Son has discovered, at ten, that he loves the stage. He's been going to a Saturday drama school for about two years but hasn't taken it very seriously. But last month he took part in three shows, one a school production of Bugsy Malone, one a drama school production of Oliver and one, after the first audition of his life, a professional Bill Kenwright production of Evita. And now it all makes sense! In Evita he didn't have that much to do, but he did it with aplomb and has now seriously got the bug. He loved everything about it from going in at the stage door to the quick costume changes to sitting in the dressing room with the other kids playing Nintendo games between scenes. He can't wait for the next auditions to come up. How fantastic to discover something you love at his age! It probably won't last but he should enjoy it. And now that we've spent two wet weeks in a cottage in Wales, he's also discovered that he is a book worm. In the last year he has read all the Alex Ryder books, all the Harry Potter books and sundry other series, but in the last fortnight he has read all seven of the Narnia books. That's the proper CS Lewis, and none of your abridged rubbish. I wasn't sure if he was old enough, but he devoured them at the rate of one a day. And as a result of all his reading he has started to write beautiful, complex stories.

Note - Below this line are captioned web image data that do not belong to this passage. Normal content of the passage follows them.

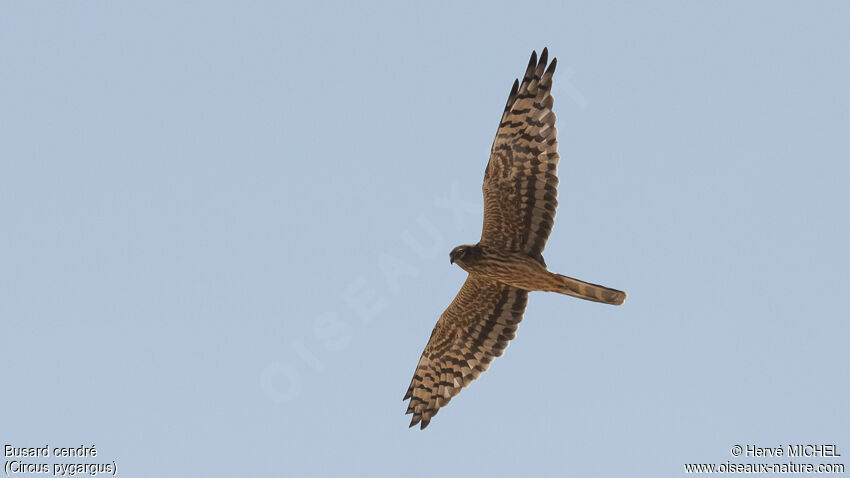 Montagu's Harrier female adult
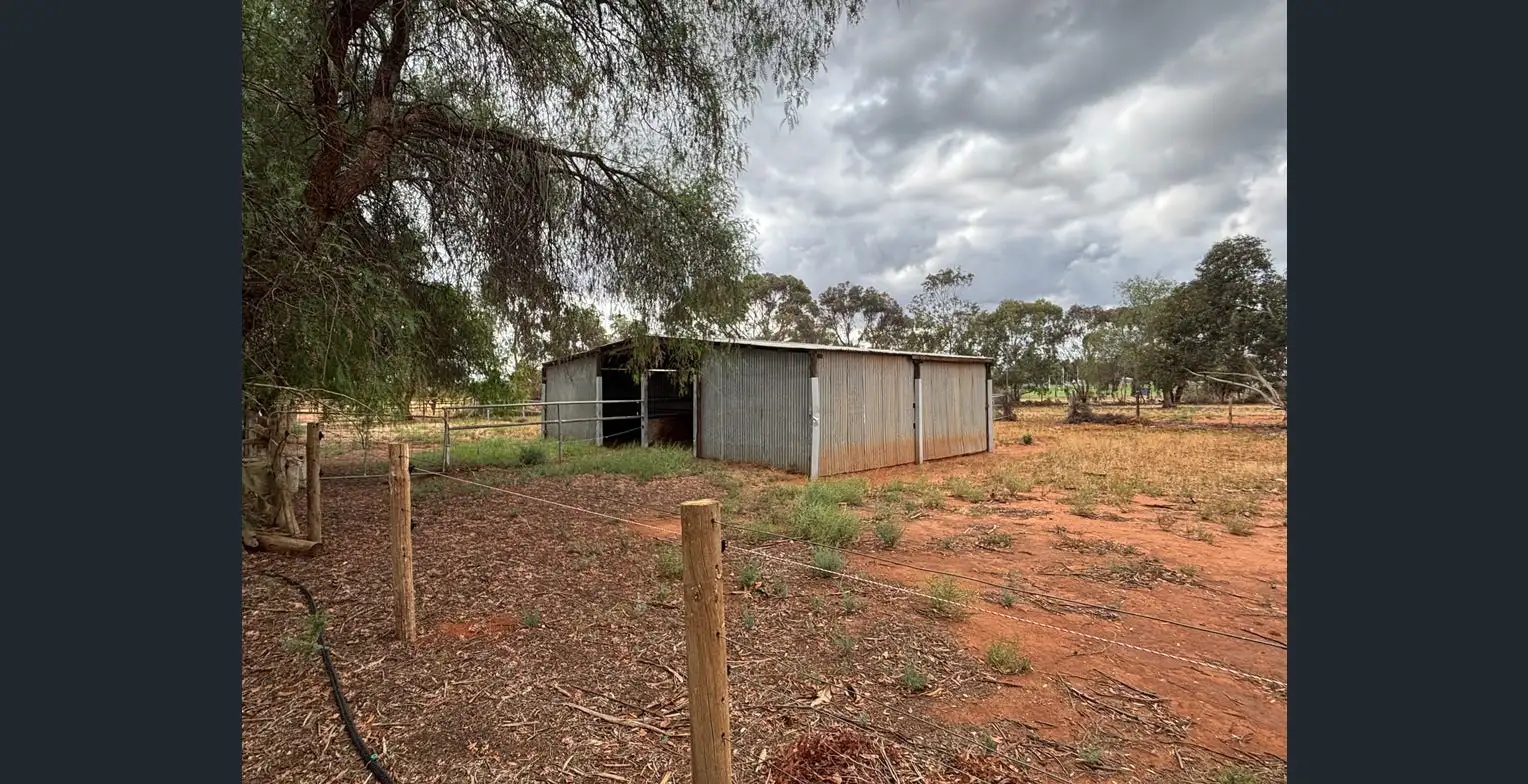 34 Oleander Drive Coomealla - Image 4
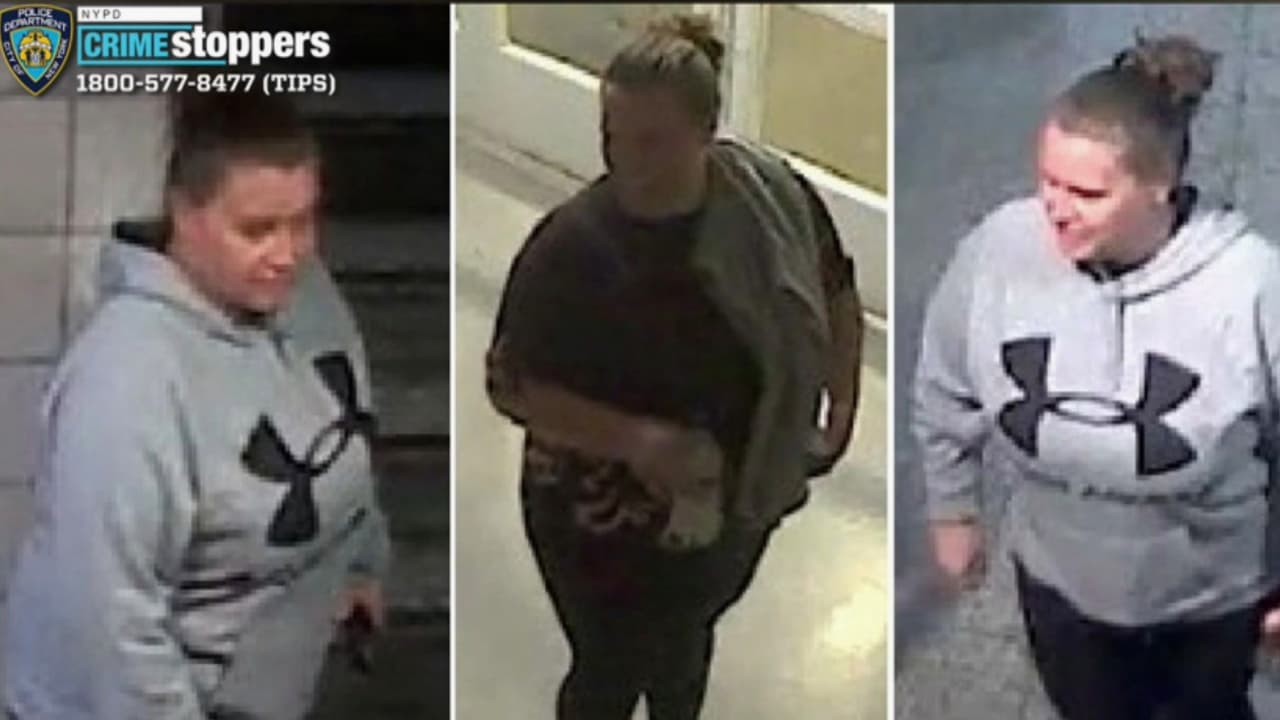 Buscan a tres sospechosos de vandalizar el campus del College of Staten Island y causar graves daños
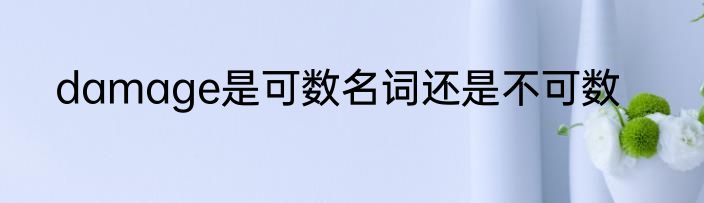 damage是可数名词还是不可数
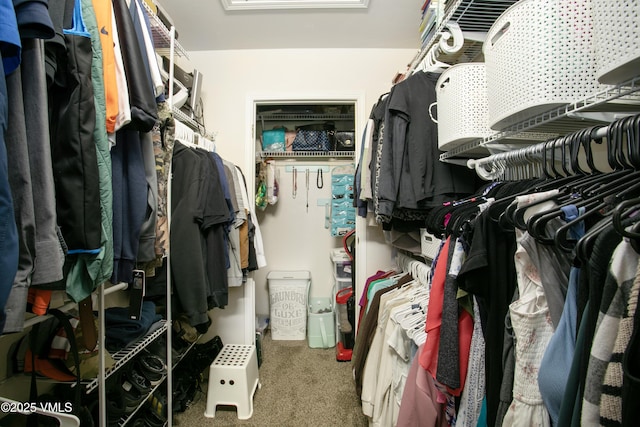 443 Porphyry Rd Unit F, Gypsum, CO 81637 - spacious closet with carpet floors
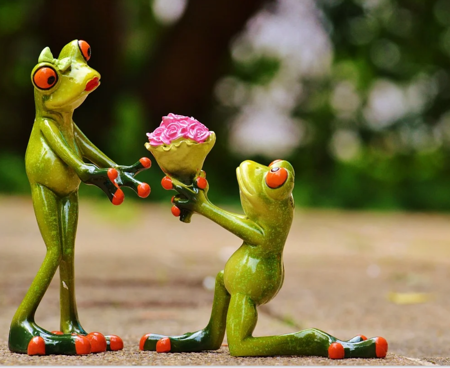 Finde den Weg zur Froschkönigin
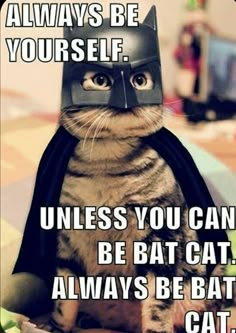 a cat wearing a batman costume sitting on top of a bed with caption that reads, always be yourself unless you can't be bat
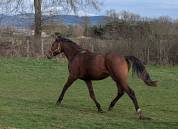 Beau poulain SF de 2 ans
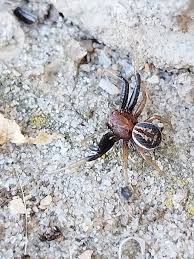 Attēlu rezultāti vaicājumam “Xysticus bifasciatus female”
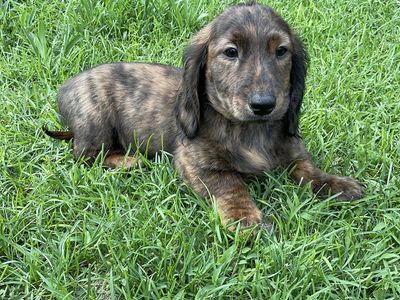 AKC Long Hair Male Miniature Dachshund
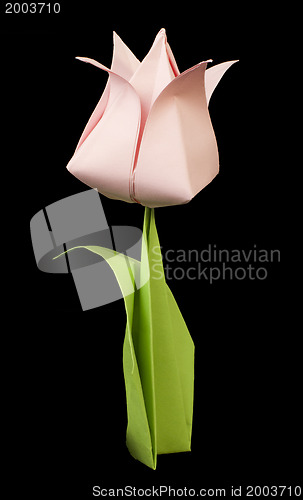 Image of Pink tulip isolated on black background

Daughter has been named as a language scholar at her academy after taking some aptitude tests. (She's never knowingly learned languages, although whenever we've been abroad anywhere I insist that the kids learn to say at least 'Hello', 'How are you?', 'Please', 'Thank you' and 'Goodbye', and use them for our stay. Apart from anything, making an effort means that people are more willing to help you. There's nothing more depressing than seeing a Brit at the front of a queue with that fearful look in their eye saying, rather too loudly 'Do you speak English?'. Get a damn phrasebook.) I'm really pleased that someone has divined this talent in her, given that I'm a languages teacher. I sometimes feel that everything I have is going to die with me. I've also been told that she has a talent for mathematics and is a natural mathematician who should achieve an A* at GCSE. I was told this when she was eight. No pressure there, then. Curiously now that she's starting secondary school, she's discovering that the things she had a real talent for are not the things which other people think she's good at. She thinks of herself as a sportswoman, but while she's okay at sport and learns quickly it looks unlikely that she will ever excel in it. She learns violin, and I've now been told that she has a real talent for that, and if she works at it she could be quite special. But she wants to give it up. So what I intend to do is have word with her teacher and try to make violin playing more like sport - make her do grades quite quickly. Nothing motivates her like a challenge and then a piece of paper telling her she's done well!

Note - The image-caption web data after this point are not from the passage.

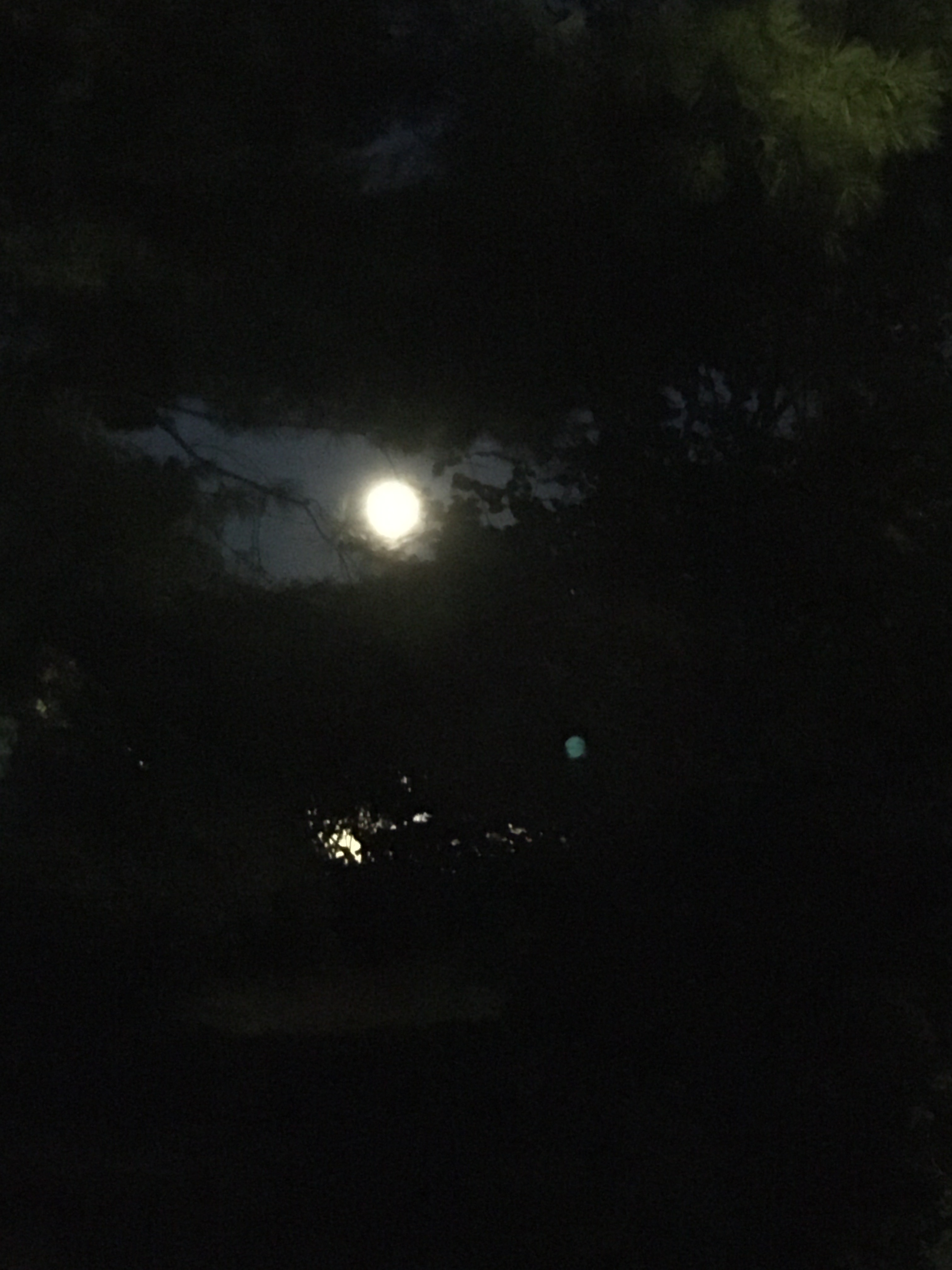 nearly a full moon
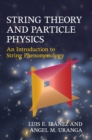 Image for String theory and particle physics  : an introduction to string phenomenology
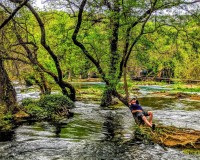 Krka Day Tour from Split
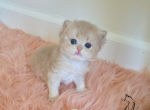 Icecream - British Shorthair Kitten For Sale - TN&comma; US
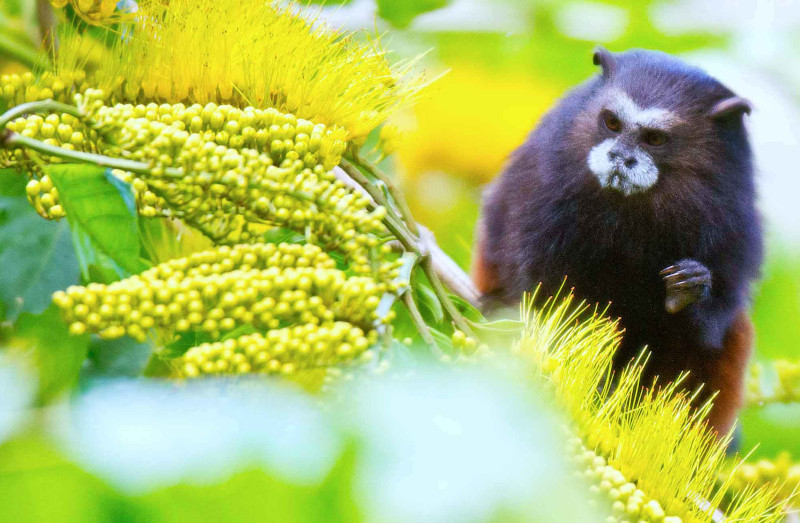 Tambopata National Reserve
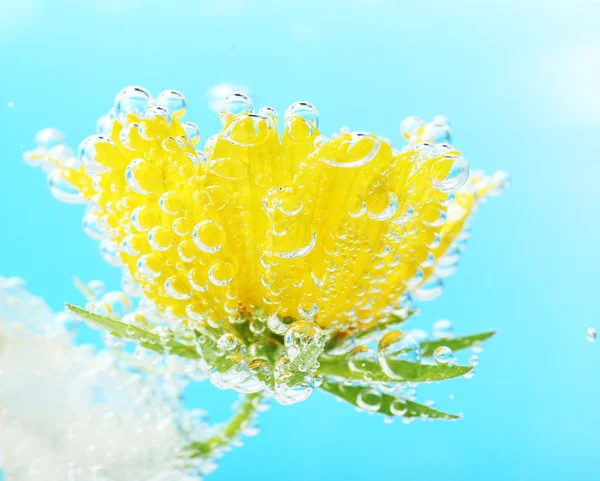 Bela flor em água espumante — Fotografia de Stock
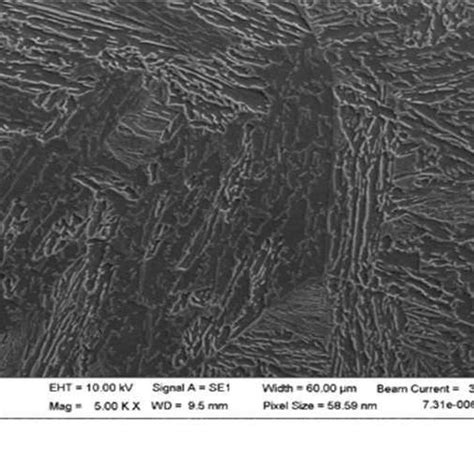 Bainitic-martensitic microstructure of 1.5Al3Mn steel after forging ...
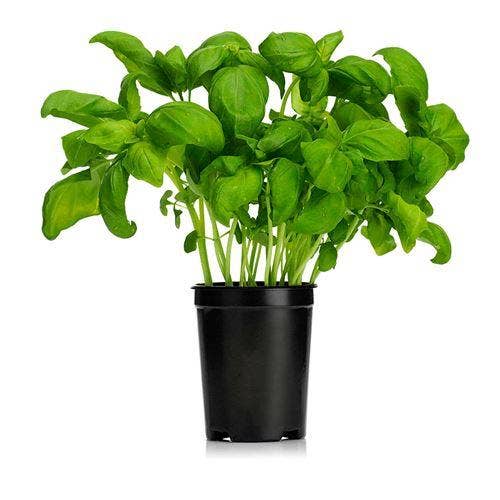 Basilika Kruka Stor EKO Klass1 Sverige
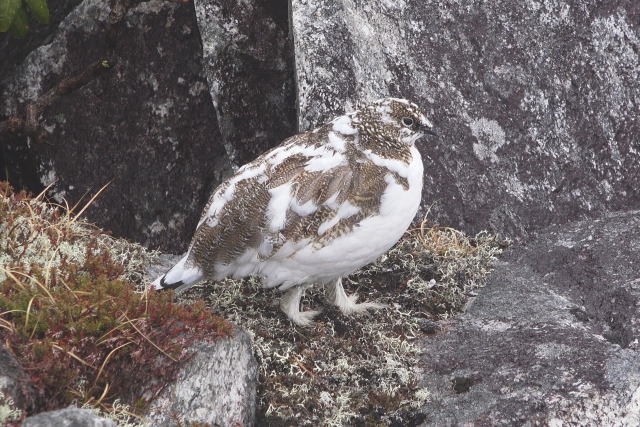 前常念岳のチビ雷鳥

Also while we were on holiday in Wales, the kids rigged up a ramp on the road and then launched themselves down a hill on their fronts on a skateboard, seeing how far and how fast they could travel. The one who wasn't skating ran alongside making sure that the other didn't get run over. Son decided to have a go while daughter was inside nursing a wound, and nearly did get run over, but threw himself off in an act of self-preservation. Both of them are covered in cuts and bruises but very happy. I looked on and wondered if that was how someone would discover that they had a talent for, say, the luge?

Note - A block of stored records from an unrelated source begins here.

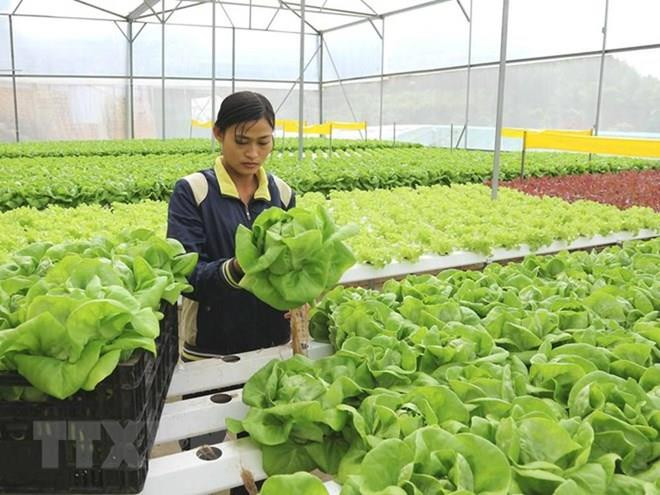 Proyecta Ciudad Ho Chi Minh impulsar cooperación con Australia en agricultura de alta tecnología ảnh 1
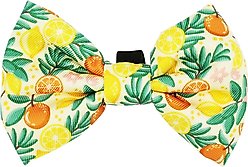 Sassy Woof Zest Friends Bowtie Cat Collar Accessory, Yellow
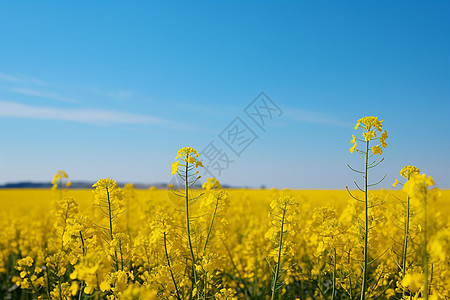 开花馒头金黄色的田野背景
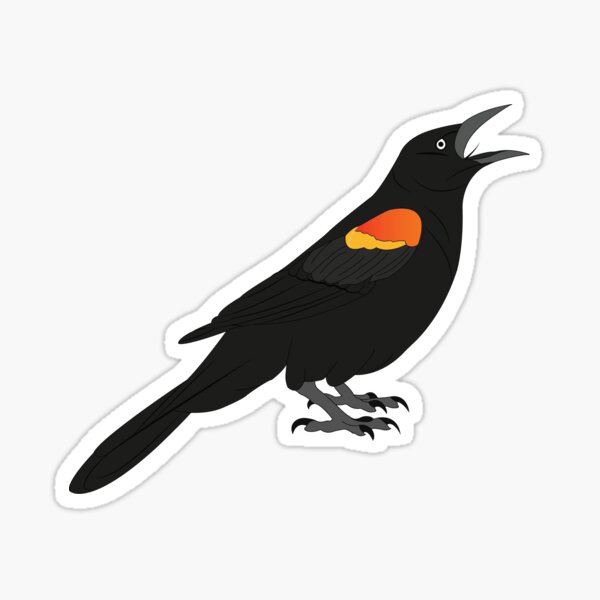 Red Winged Blackbird Sticker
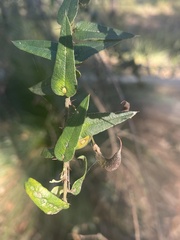 Podolobium aciculiferum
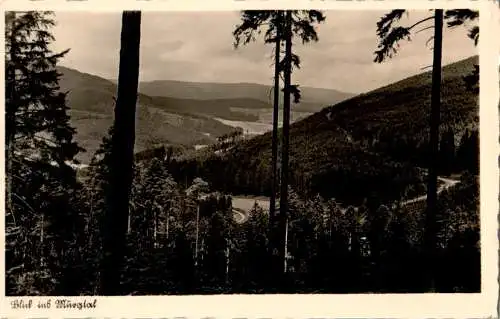 besenfeld, blick ins murgtal, 1940 (Nr. 12257)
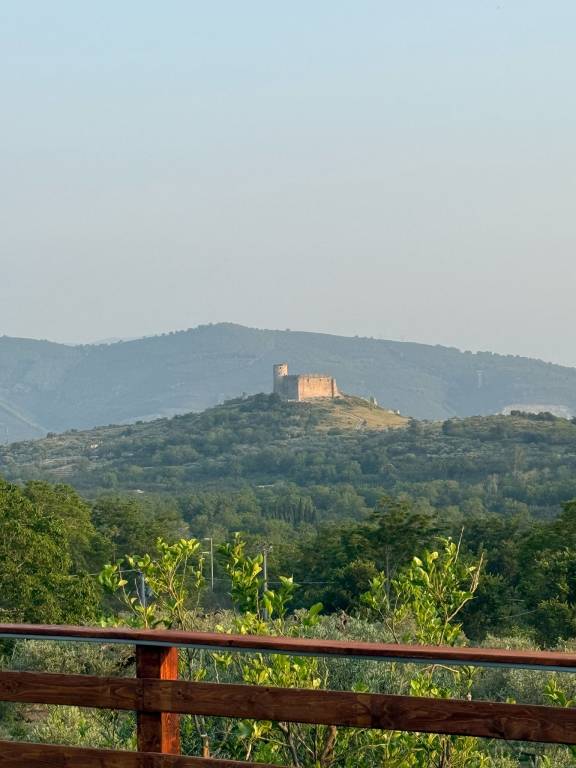 foto9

Anyone who's read me much will know that one of the thing I'm frustrated by is the amount of talent in our people which must go undiscovered. How many people are wandering around towns and countryside of our nation, slaving away at dull jobs, unaware that they might be a champion synchronised swimmer, or a world-class percussionist, or a peculiarly sensitive dog-trainer... or anything else? We can't test people for aptitude in everything. Middle-class families with a bit of spare money can introduce their children to a huge range of activities and therefore their children have much better chance of finding things which they love to do and which they are great at doing, but how tragic that for the majority of families this is simply not possible. What a waste of potential, and we don't even know how much potential.